The Tango Teacher

The story of a former "Gamin" (Homeless child from the slums from Bogota).

Life and Tango bring him face to face with his greatest enemy: himself. Tango will also bring him love and the self-believe he has always lacked.

1

Blade

 Just one tiny drop of blood. Blade and mind stop. Is it the carotid or the jugular? He knows they both lurk somewhere around here, close to the sharp edge… He used to be so good at anatomy. But he seems to have forgotten all what he ever learnt. Ah! How he wishes he could forget so many other things… The same blade. He always kept it sharp. Twenty four years last Friday.

The blade is still motionless, waiting for a decision. It would be so easy.... Will he ever have the nerve?

2

Juancho

Trails of blood left by the careless gang lead to the body.  So much blood. A torrent, like the tears blurring his vision. He scrubs them furiously, the dirty torn sleeve leaving dark trails. Grime is a form of branding. The brand of the pariah.

  He must see clearly. His eyes scrutinize each corner of the square as he emerges from his hiding place behind the enormous pile of smelly trash, heart pounding, body trembling and not just because it's cold.

A few more cautious steps, his knees buckle and he sinks by the body, oblivious to the general stench. 

He was such a fucking coward. But what could he do?

Not even Juancho, strong and agile as he was, had been a match for them.

They were five tonight. Who was the new boy? It didn't matter. He was just as vicious as the others.

He had seen them from his hiding place, blades glinting in the moonlight, silent and diligent in the completion of their murderous task, under el cabezon's orders, he was sure. Nothing the gang did, especially if cruel, was ever any one else's idea. El cabezon was king of the gang and everyone obeyed him.

Jose laid gently a hand on Juancho's chest, his own heart beating fast in hope. But he already knew. Juancho's face looked so peaceful, a bit paler than usual, eyes still opened to the stars, but otherwise the same face he had looked up to so many times under the same night sky.

He is alone now. Really alone for the first time in his existence or in his notion of it. He knows he was alone before Juancho found him, a tiny bundle under the bridge of La Calle Veintiseis.

But now, Juancho is gone. Who will protect him? He knows exactly who and what awaits him in the streets tonight.

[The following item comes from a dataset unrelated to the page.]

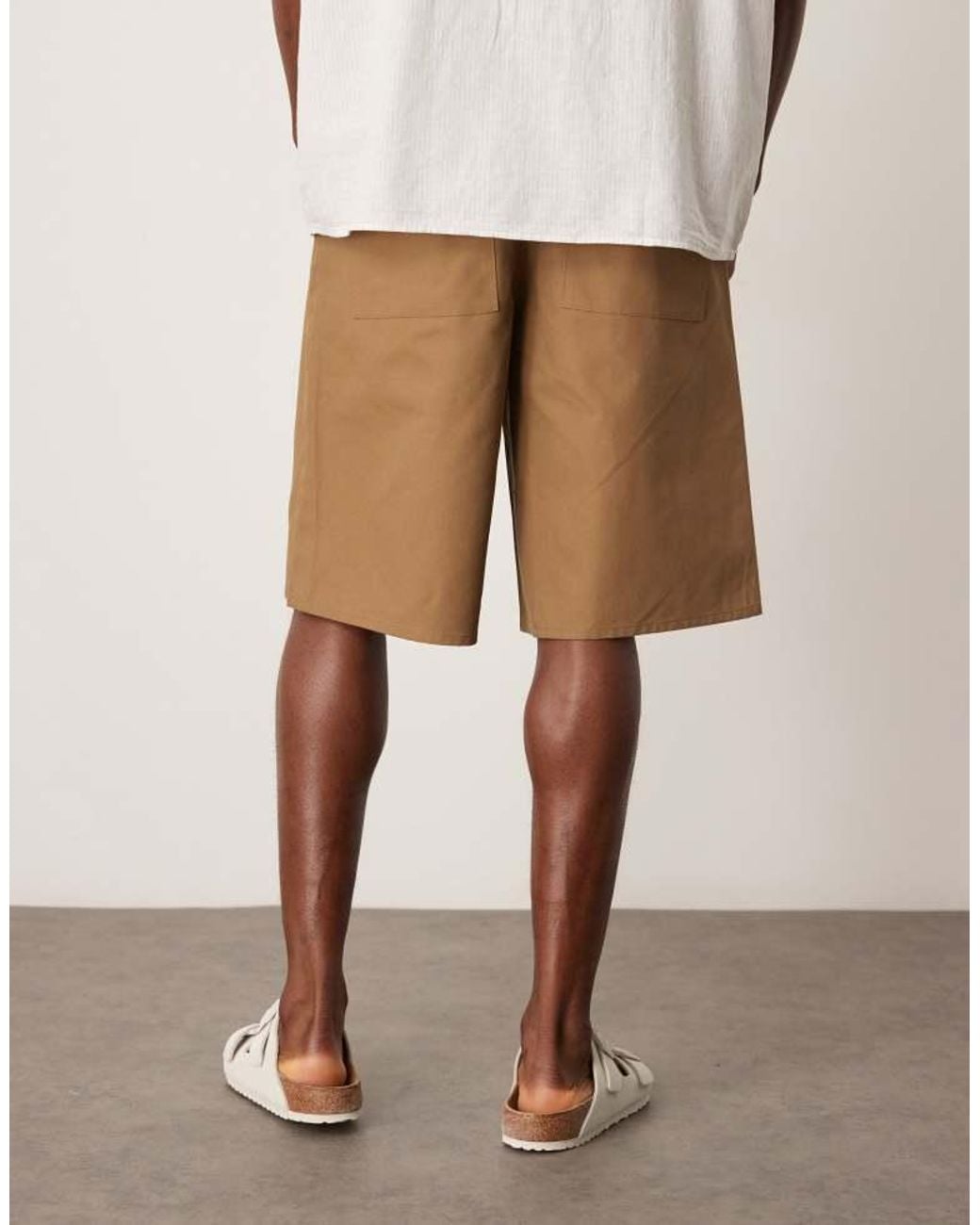 ASOS Natural Long Length Pleated Shorts for men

He wipes his nose on his sleeve while bravely searching the broken body for the blade: Juancho's blade, under the uncertain light of dawn, the certain smells of death, decay, human depravity, and the certain fear, gathering in his guts. He hopes they didn't take it. At least it is a weapon. His only defense and his only memento of the only father he ever knew.

Juancho's body lies there, still and quiet, surrounded by the leftovers of greed, perhaps the only appropriate shroud for a dead child of the streets: a mountain of trash piling up around him.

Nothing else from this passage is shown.